The long tail of underachievers is a problem for all of us.
That 20% of school leavers who finish 12 years of education with no qualifications are most likely to feature in other negative statistics – crime, benefit dependency, poor health . . . and the social and financial problems they lead to.
Investing more in lifting achievement for those who need it most will be good for them and have social and economic benefits too.
New Zealand is coming through the Global Financial Crisis better than most other countries for several reasons.
One of those are policies put in place by previous governments which have made us a relatively free and open economy.
Another is the sound financial management of National-led governments since 2008.
Among the policies which have helped are lower taxes and as a result of that lower government spending.
Government departments have been required to do more with less and it’s working.
Unlike the Labour-led governments before it which increased spending with no increase in services or other positive result, this one has required government departments to become more efficient and more productive.
If Labour is in a position to lead the next government that will change.
Tax and spend is in that party’s DNA.
David Cunliffe has already said if he’s leader he’ll increase taxes for the wealthy.
Labour leadership candidate David Cunliffe says wealthy people should pay more tax.
He won’t go into detail about the policy he’ll develop if he wins the contest but he’s giving clear signals.
Asked at his press conference on Monday whether taxes on wealthy people should be raised, he replied: “You bet.

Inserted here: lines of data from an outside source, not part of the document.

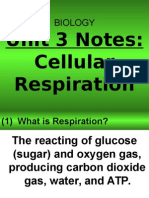 Cellular Respiration Lecture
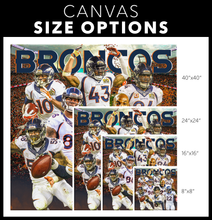 Load image into Gallery viewer, The Denver Broncos: Super Bowl 50 Champs
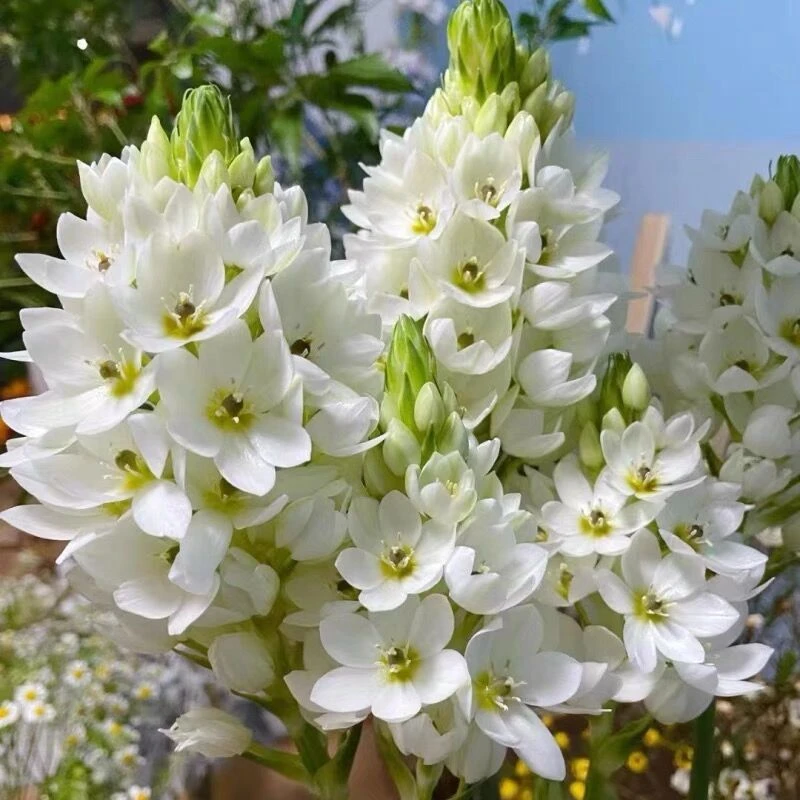 圣心百合虎眼万年青阳台花卉植物早春观花多年生球根
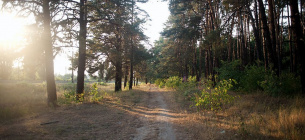 Суд вернул общине Земельный участок Беличанский лес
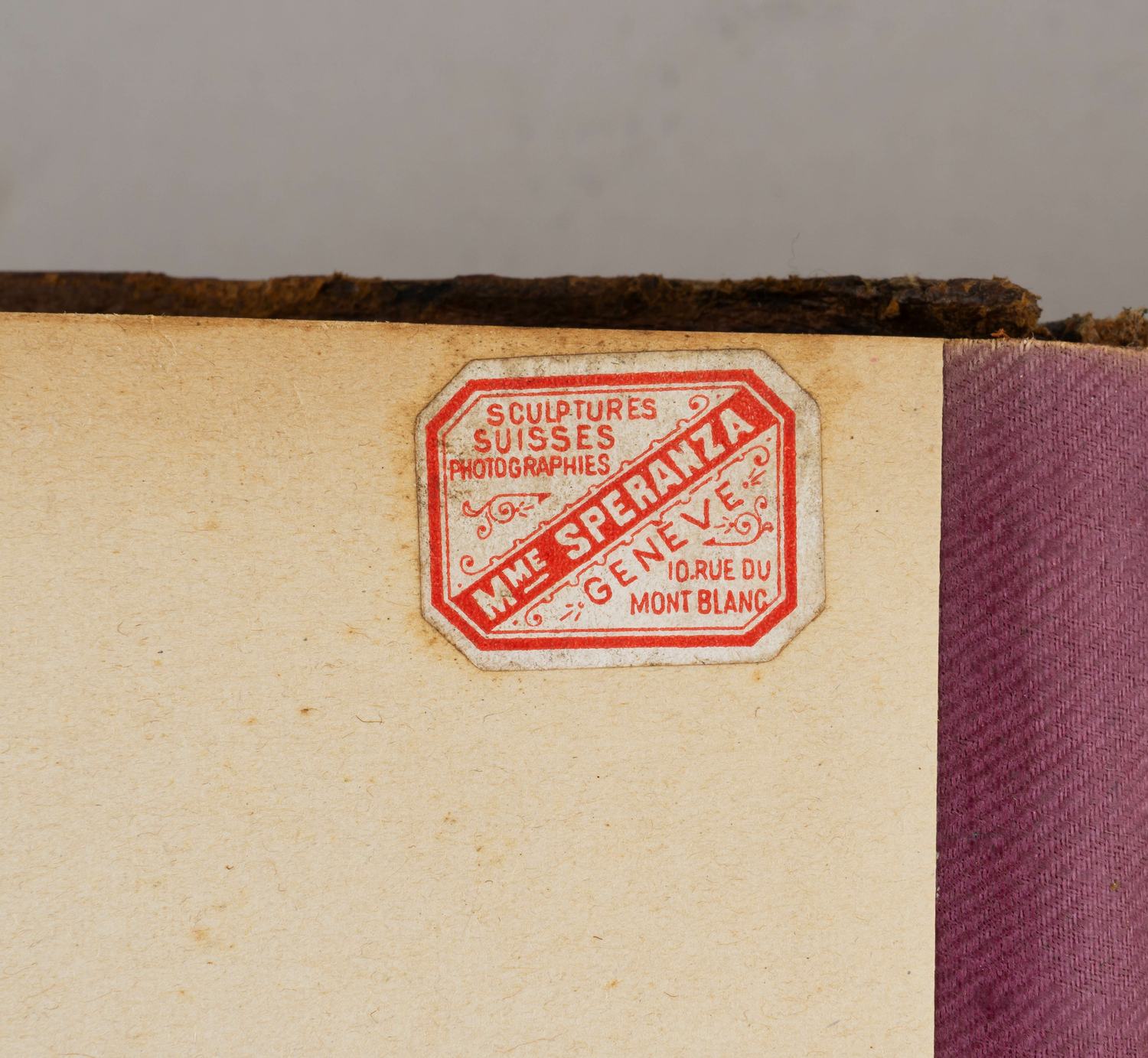 (Швейцарское качество) Массивный альбом для фотографий с картушем.  Швейцария, Женева, Сперанца, конец XIX века.
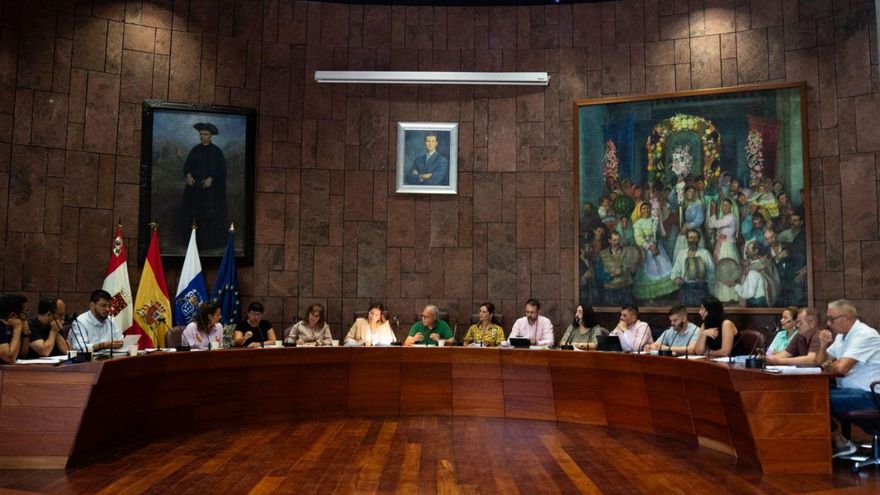 Un momento del pleno del Cabildo insular de La Gomera. |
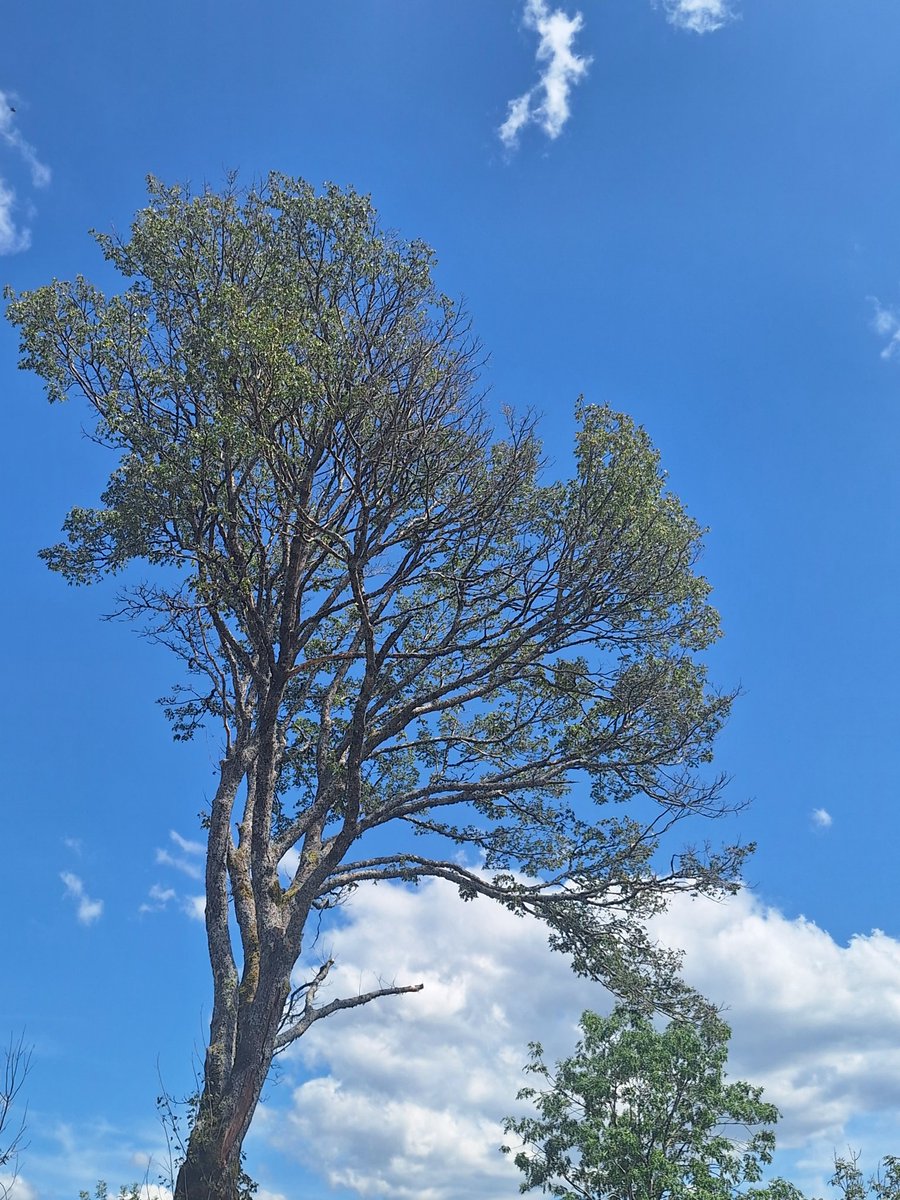 lajouxsancy's tweet photo. La realité du changement climatique c'est aussi des cimes d'arbres qui disparaissent 
Fin Aout 2025 vs juin 2026
1200 metres altitudes  (63)
@SergeZaka @AiRicK63 https://t.co/NmAYWUo6nx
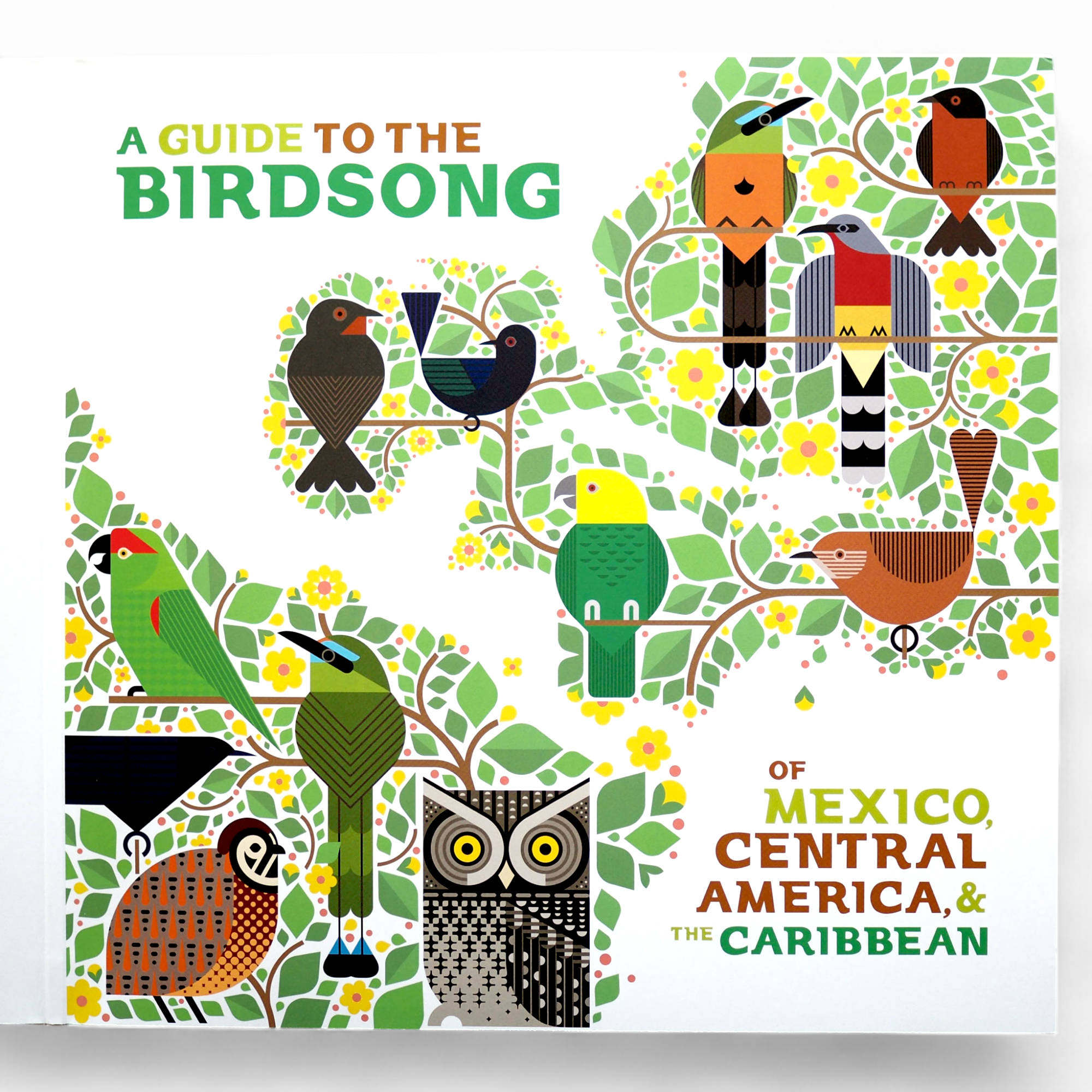 A GUIDE TO THE BIRDSONG COLLECTION: VOL I & II (LP) [NEW]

I’m not going to put a number on it but I worked hard when I was finance spokesman to get a capital gains tax across the line.”
The next question was whether he would raise income tax.
“Labour’s policy argues for a more progressive tax and I support it,” he said.
“I’m not going to pre-empt the process of finalising our policy but I certainly believe we need a more equitable society – we will finalise our manifesto and everyone who earns a fair share should pay a fair share.”
Wealthy people already pay a great deal more than poorer people, many of whom pay no net tax at all.
You’d think a man with his undoubted intelligence and education would understand that the tax take doesn’t mirror tax rates.
Increasing tax rates can and does reduce the tax take. Higher taxes are a disincentive to higher earning and people and businesses waste time and money trying to reduce what they pay.
Reducing tax rates can and does increase the tax take because it incentivises higher earnings.
There are two other leadership aspirants.
It’s very unlikely that Grant Robertson would favour lower taxes and less spending.
The third candidate, Shane Jones who is in a very small minority of Labour MPs who appears to understand the importance of business, might be more likely to do so but he’s also least likely to be leader.
National’s policies which are reducing the burden of government are the ones which do most to help the poor.
Labour’s big government tax and spend policies are those of the Clark-Cullen governments which put us into recession before the Global Financial Crisis.